In the various figures, the same parts are always provided with the same reference numerals and are therefore usually named or mentioned only once in each case.

In the 1 is a schematic drawing of a trained as a submarine watercraft 100 illustrated according to an embodiment of the invention. The watercraft 100 has a pressure body 101 on. To drive the watercraft includes 100 a wave plant 50 with a motor 51 , a drive shaft 52 and one over the drive shaft 52 powered propeller 53 , The drive shaft 52 is in a pressure bearing 2 stored, which is the transfer of the originating from the propeller axial thrust on the vessel 100 , in particular on the pressure hull 101 of the watercraft 100 , allows.

The 2 shows part of the shaft system 50 of the watercraft 100 with the thrust bearing 2 , The thrust bearing 2 is about a fastening device 1 with one on the pressure body 101 of the watercraft 100 fixed foundation 3 connected. The foundation 3 has two sub-foundations 3.1 on. The partial foundations 3.1 are each according to Art a half-shell formed, which below the thrust bearing 2 is arranged and three adjacent walls 3.2 comprising a lower portion of the thrust bearing 2 , in particular a flange 2.1 of the thrust bearing 2 , store and surrounded on three sides.

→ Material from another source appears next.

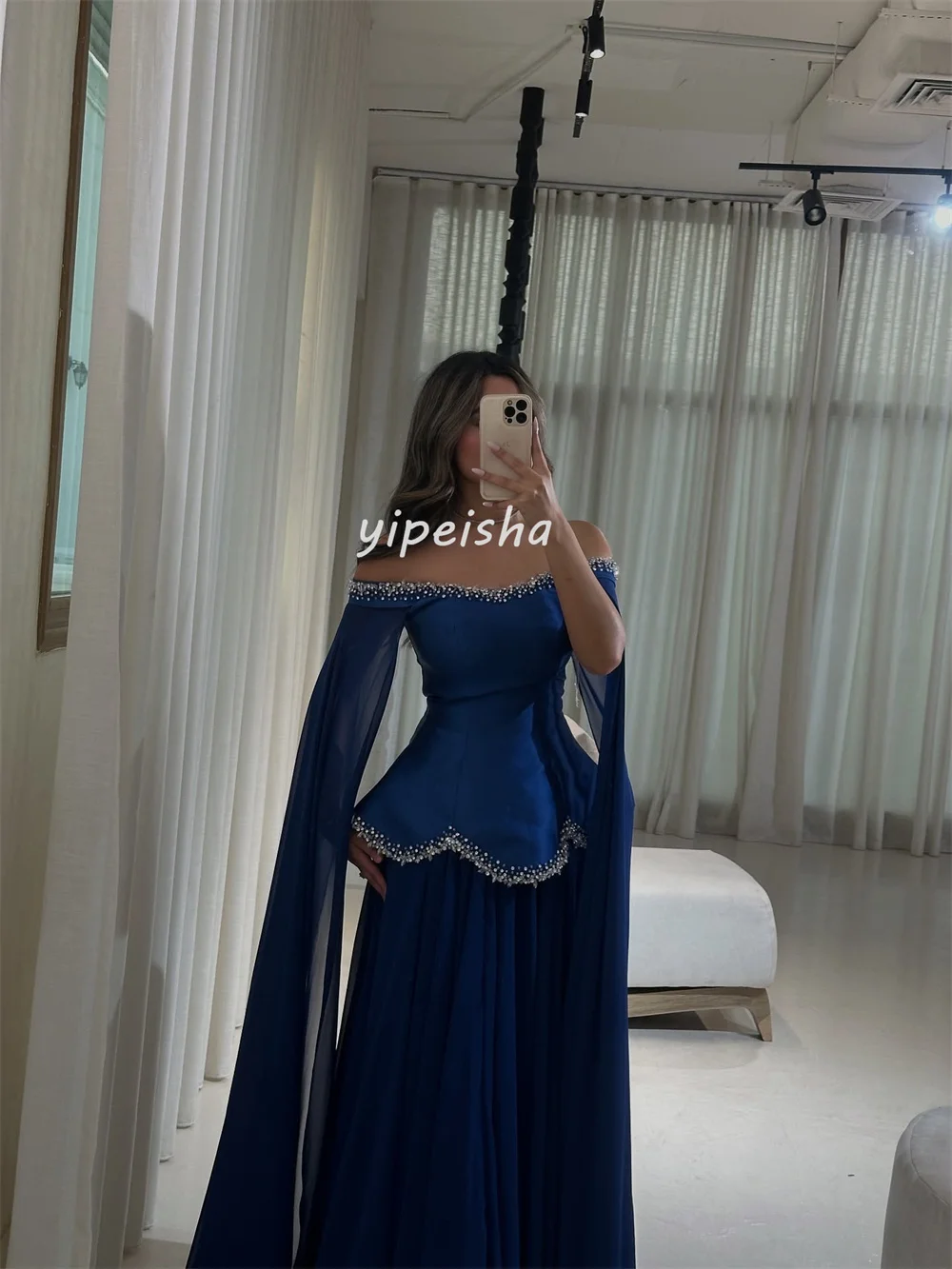Exquisite Intricate Casual Chiffon Beading Rhinestone Sequined A-line Off-the-shoulder Long Dresses Bespoke Occasion Dresses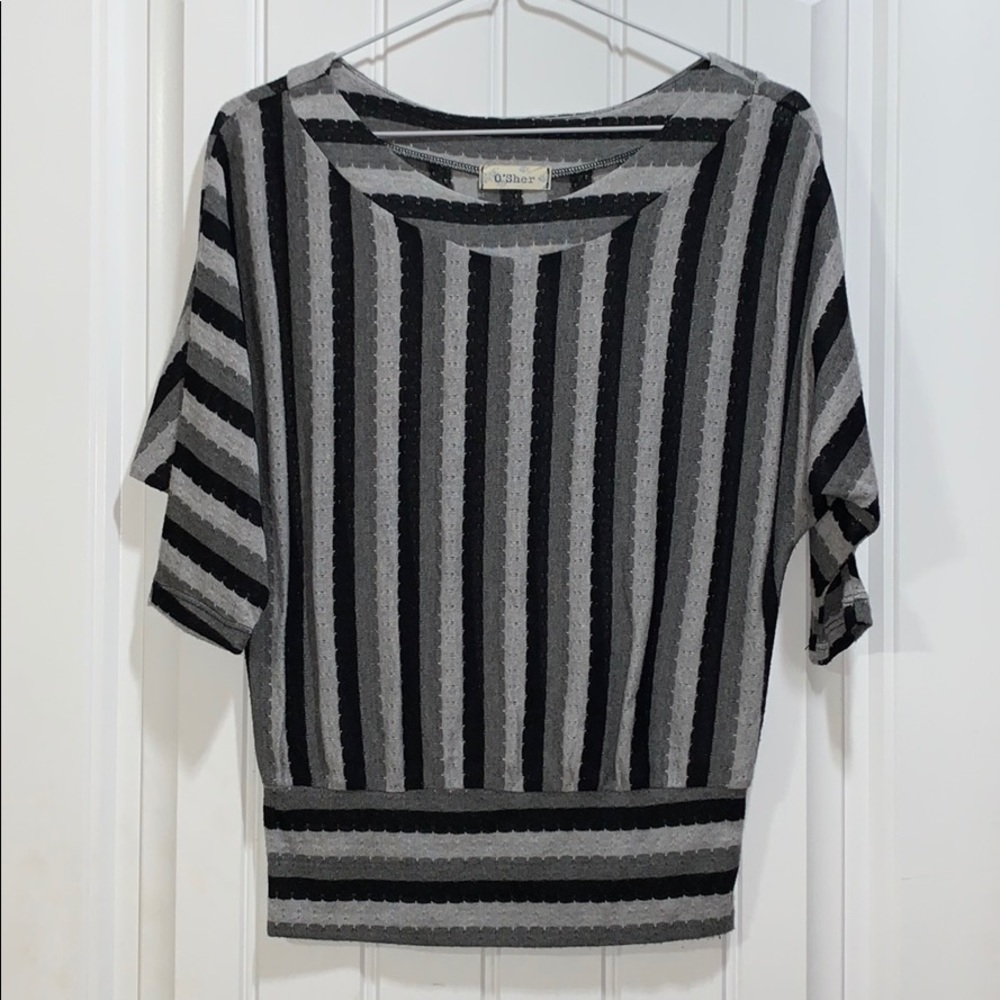 Striped dolman sleeve top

As the representations in 3 to 9 can be seen, the fastening device 1 several support devices 4 . 5 . 6 on which the thrust bearing 2 each in one of three mutually perpendicular directions in space X . Y . Z support. In a first spatial direction Z , here the vertical spatial direction, is the thrust bearing 2 via first support devices 4 supported between the flange 2.1 of the thrust bearing 2 and the foundation 3 are arranged, cf. 4 , Each partial foundation 3.1 are five first support devices 4 assigned so that the thrust bearing 2 opposite the foundation 3 over a total of 10 first support devices 4 is supported, cf. 6 and 7 , In a second spatial direction X , here a horizontal spatial direction, is the thrust bearing 2 via second support means 5 supported cf. 4 and 5 , Each partial foundation 3.1 are four second support devices 5 assigned so that the thrust bearing 2 a total of eight second support devices 5 is supported, cf. 6 and 7 , Furthermore, the thrust bearing 2 in a third spatial direction Y , here another horizontal spatial direction, via third support devices 6 opposite the foundation 3 supported. The third support facilities 6 are functionally identical to the second support devices 5 formed, but differ in the dimensions of the respective Längeneinstelleinrichtungen 13 , Each partial foundation 3.1 are two third support devices 6 assigned, which are oriented in opposite directions, so that the thrust bearing 2 over a total of four third support devices 6 opposite the foundation 3 is supported.

An angular offset between the thrust bearing 2 and the foundation 3 to compensate, have the first, second and third support means 4 . 5 . 6 each a spherical thrust bearing 10 on. The first support device 4 additionally has a spherical additional bearing 20 in the area of the end-mounted nut. The spherical thrust bearing 10 includes a first bearing disc 11 and a second bearing disc 12 , The first and the second bearing disc 11 . 12 lie against each other along spherically formed surfaces. Here is the first bearing disc 11 concave and the second bearing disc 12 is convex. The curvatures of the first bearing disc 11 and the second bearing disc 12 are matched to each other, in particular identical. For example, the curvatures may be spherical with a given radius, the radius of the concave curvature of the first bearing disk 11 identical to the radius of the convex curvature of the second bearing disc 12 is.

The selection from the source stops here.